Oct 22, 2005

Gas Gauge must always be FULL

I almost flipped backwards when I heard the bouncer say, "forty!". Forty freakin dollars!!! That's how much it was to get IN the bar my friend recommended me to try when I asked him what's a great place to hang out nowadays. Not that I was dying to party, but my sister just arrived in town from the UK and all my cousins were with us to celebrate our small family reunion. But forty bucks? Who the F--k was in there? Kate Moss?!!! I tried to regain my composure as I slowly turned my back to him and announced to everyone we were moving. A group of young girls who were prob'ly in their early twenties eyed me with raised brows. They were unmistakably dismissing me as a "cheapo" when I refused to pay another NY city bar way more money than they deserve. Brats... I returned their gaze with as much pride and prejudice as I held my own place....while trying to hide my own amusement as I allowed them to take their fill and eye me up and down. This is MY game. I have perfected this attitude since birth. I can fire back to the bitchiest of attitude without saying a word.
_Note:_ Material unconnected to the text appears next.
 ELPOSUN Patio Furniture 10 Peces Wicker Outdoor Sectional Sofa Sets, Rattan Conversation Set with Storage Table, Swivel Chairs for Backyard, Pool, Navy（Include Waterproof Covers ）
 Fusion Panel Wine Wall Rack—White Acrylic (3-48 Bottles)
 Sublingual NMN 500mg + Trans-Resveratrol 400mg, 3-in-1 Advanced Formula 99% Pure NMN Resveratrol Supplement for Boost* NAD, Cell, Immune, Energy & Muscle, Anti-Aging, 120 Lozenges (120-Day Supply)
But I am getting too old for this sh--! I don't do velvet ropes anymore! Last time I lined up to get in a bar was when I was in Frisco with another cousin who wanted to go to some bday. Even that didn't go well bec I immediately left the line to go to the closest PUB. I don't have TIME to party. And if not for good friends who are celebrating bdays or for family members who are in town to visit, you'd never see me partying till dawn anymore. If I do, it'll be in Paris where I am in the same establishment as Madonna or Gwyneth Paltrow! As if!

But as my thoughts go back to those girls who were dressed to Saturday night's perfection, I remember my old self when I was their age and going through that "living the moment" phase. God was I that shallow?! I lived looking forward to weekend night sessions of drinking and socializing with the right pair of Manolo's. What a disgrace...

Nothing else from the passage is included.